🌟 Inspiration In everyday life, people often visit multiple shops to find the cheapest price for groceries and essential items. Small price differences—₹2, ₹5, ₹10—may seem minor, but they accumulate into a big monthly expense. This problem inspired us to build a hyperlocal price comparison platform so users can instantly check which nearby shop offers the best price for any product. We wanted to reduce: • Wasted time in travelling to compare prices • Overpaying due to lack of transparency • Dependency on assumptions or guessing the “cheapest shop” Our goal was simple: Make local shopping smarter, transparent, and efficient for everyone.

🏗️ How We Built It We broke the project into four major components:

  1. Data Collection Layer • Bill Scanner Uploads (from customers) • Manual Uploads (by shopkeepers) • Price Listings (entered by registered shops) All data is normalized and stored with: • Product name • Shop name • Price • Timestamp • Location coordinates

  2. Backend + APIs We designed secure APIs to: • Fetch shops near the user • Compare prices across multiple stores • Rank the cheapest price • Show trending items • Identify price drops and spikes The backend also includes: • Authentication for shopkeepers • Validation for user-uploaded bills • Efficient database indexing for fast search

  3. Frontend (User + Shop Views) User Features • Enter a product and instantly view the stores selling it • Sort by price, distance, or ratings • Save items to a wishlist • Upload bills to help others • View map + list results Shopkeeper Features • Add/edit product prices • Manage inventory • Upload daily/weekly updated rates • Gain insights on what users are searching for

  4. Location + Distance Logic We used geolocation APIs to get accurate user and shop coordinates. Distance-based sorting helps users find the nearest and most affordable options simultaneously.

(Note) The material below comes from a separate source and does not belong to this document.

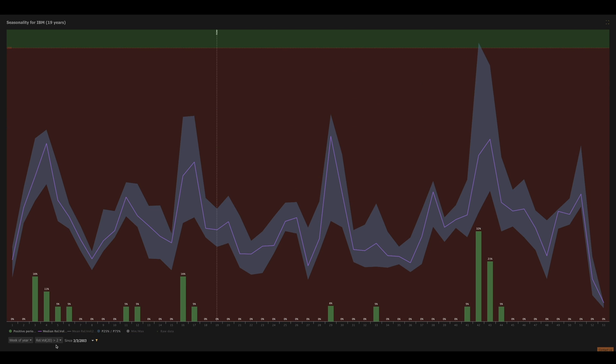We're now looking at the IBM chart. And specifically, we're looking for relative volume greater than 2 on the weekly time frame and the percentage of time that's the case. We can see that the 42nd week of the year, historically, has the greatest chance of seeing these elevated volume levels. 32% of the time, on the 42nd week of the year, IBM is experiencing greater than 2 times average volume.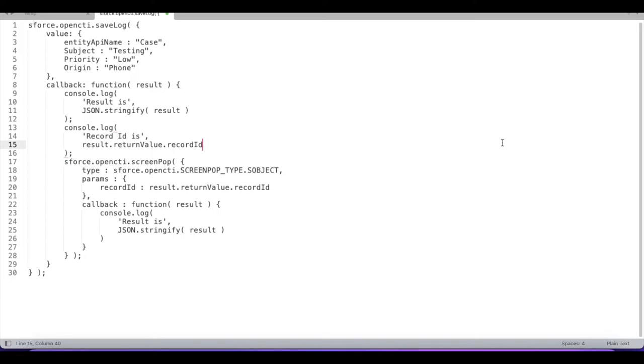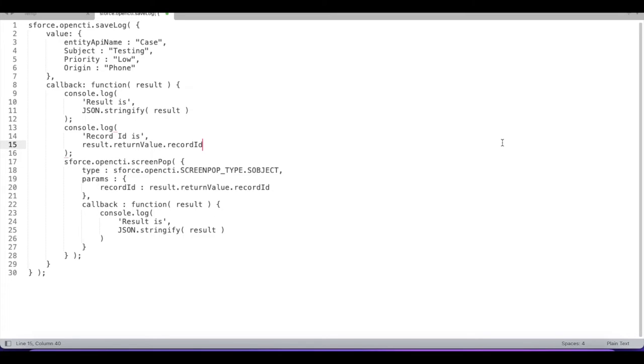Hello everyone, in this video we are going to see how to make use of Salesforce Open CTI JavaScript library to create a case record and also focus that newly created case record whenever we are using Salesforce Open CTI.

🧪 What We Learned Throughout the development, we gained practical knowledge in: • Structuring a real-world, data-heavy application • Working with location-based services and mapping • Handling multiple user roles (buyer + shop owner) • Designing scalable APIs • Filtering, sorting, and ranking large datasets efficiently • Improving UI/UX to simplify user decision-making • Creating price comparison logic for real-time updates

🚧 Challenges We Faced

  1. Cleaning and Validating Data User-uploaded bills often had inconsistent designs or unclear text. We had to build rules to: • Extract product names • Correct spelling variations • Map similar items to a standard list

  2. Handling Price Variations Two shops might list: • “Aashirvaad Atta 5kg” • “Aashirvaad Atta 5 kg Packet” • “Aashirvaad Atta 5KG” We created a normalization system to treat them as the same item.

  3. Efficient Distance Sorting Sorting many shops by proximity was initially slow. We optimized queries and indexing to make this process fast even for large datasets.


  4. UX Flow Issues Designing the interface for both shops and users without confusion was challenging. We iterated multiple times until the flow felt intuitive.


    🎯 Conclusion This project taught us how to identify a real-world problem and create a scalable solution around it. By combining user-generated data, shopkeeper inputs, and location intelligence, our platform brings true price transparency to everyday shopping. It’s not just an app—it’s a step toward smarter hyperlocal commerce.